3. Originally Posted by Latvija13
I'm having a hard time using:

$f'(a)=\lim_{x \to a}\dfrac{f(x)-f(a)}{x-a}$

to find the derivative of $f(x)=x^2-8x+9$

I need to do it using $f'(a)=\lim_{h \to 0}\dfrac{f(a+h)-f(a)}{h}$

and the other way. I did fine finding it with the second method and came up with $f'(a) = 2a-8$

Here is the order that I've tried this with the first method.
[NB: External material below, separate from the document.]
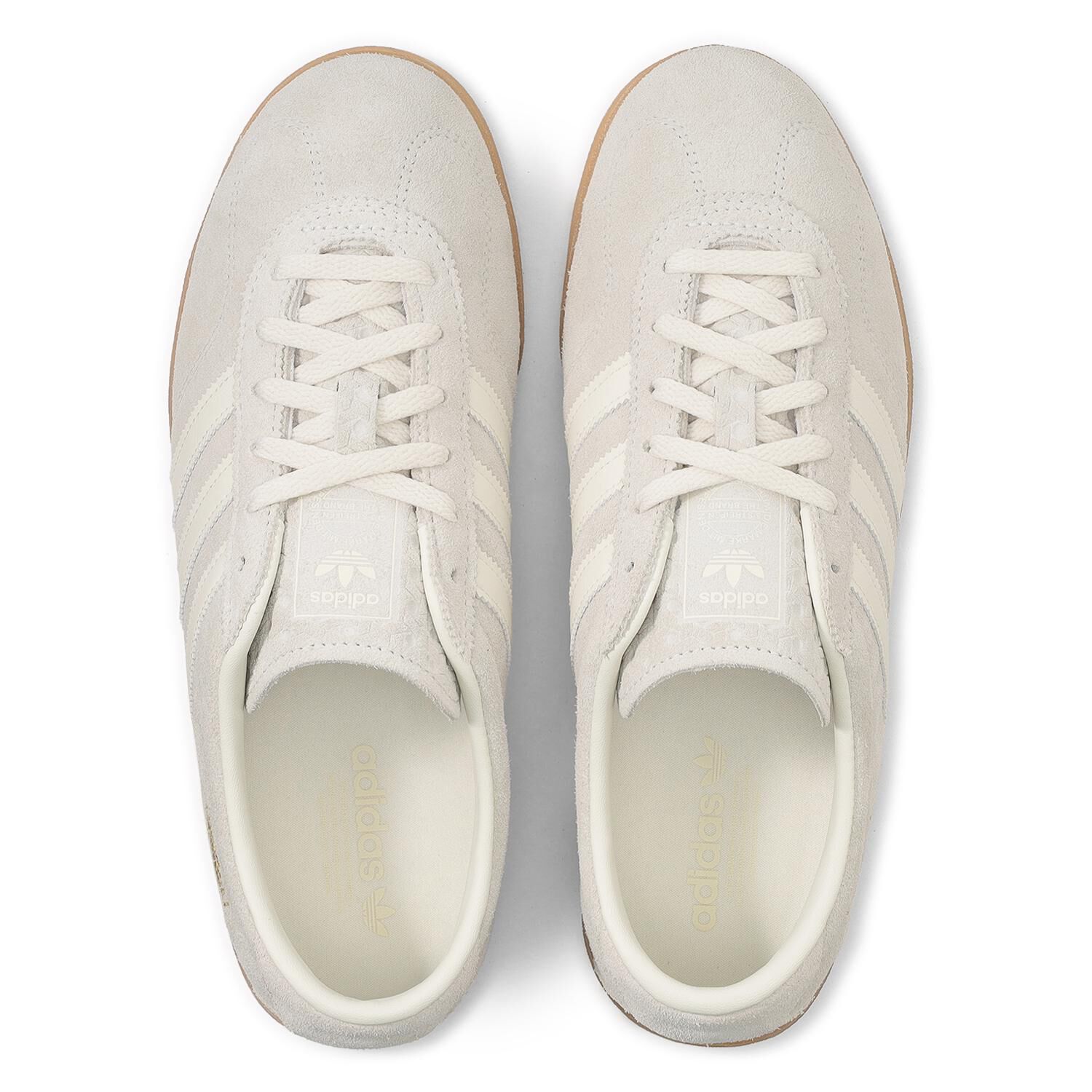 adidas「【ADIDAS】GAZELLE LO PRO W」|スニーカー|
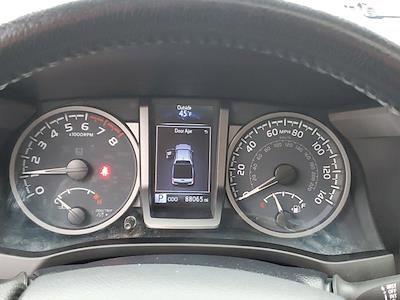 Used 2020 Toyota Tacoma TRD Off-Road Double Cab for sale #2340488A - photo 1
$f'(a)=\lim_{x \to a}\dfrac{x^2-8x+9-(a^2-8a+9)}{x-a}$

$=\lim_{x \to a}\dfrac{x^2-8x+9-a^2-8a+9}{x-a}$ Your mistake is here

$=\lim_{x \to a}\dfrac{x^2-8x-a^2+8a}{x-a}$

$=\lim_{x \to a}\dfrac{x(x-8)-a(a+8)}{x-a}$

I'm not sure what to do at this point. Did I mess up and can some how use factor by grouping and then cancel out (x-a) and use substitution to get my derivative?
That step should be $\displaystyle \lim_{x \to a}\frac{x^2 - 8x + 9 - a^2 + 8a - 9}{x - a}$, since you are subtracting EVERYTHING in that bracket...

4. Originally Posted by DrSteve
You want to write the numerator as $x^2-a^2-8(x-a)$. Then you can factor out $x-a$ and cancel with the denominator.
Don't I end up with just $f'(a) = -8$ doing that?
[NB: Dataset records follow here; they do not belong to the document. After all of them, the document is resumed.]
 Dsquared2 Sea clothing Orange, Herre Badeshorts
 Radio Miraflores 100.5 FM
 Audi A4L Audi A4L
$=\lim_{x \to a}\dfrac{x^2-8x+9-a^2+8a-9}{x-a}$

$=\lim_{x \to a}\dfrac{x^2-a^2-8x+8a}{x-a}$

$=\lim_{x \to a}\dfrac{x^2-a^2-8(x+a)}{x-a}$

I'm not sure how I get -8(x+a) to turn into -8(x-a) But to continue.

$=\lim_{x \to a}\dfrac{x^2-a^2-8(x-a)}{x-a}$

$=\lim_{x \to a}{x^2-a^2-8$

$=a^2-a^2-8$

$=-8$

Hate being bad at math :/

Edit: Actually, I think it was my subtraction error that got me.

Edit: I think I see how its done now.

$=\lim_{x \to a}\dfrac{x^2-a^2-8(x+a)}{x-a}$

I'm not sure how I get -8(x+a) to turn into -8(x-a) But to continue.
Edit: I see now, $-8(x-a)$ has be like that in order to get a positive a.

$=\lim_{x \to a}\dfrac{(x+a)(x-a)-8(x-a)}{x-a}$

Cancel out my two $(x-a)$'s

Then I end up with:

$=\lim_{x \to a}{(x+a)-8$

$={(a+a)-8$

$=2a-8$

5. Your computation after the last edit is correct.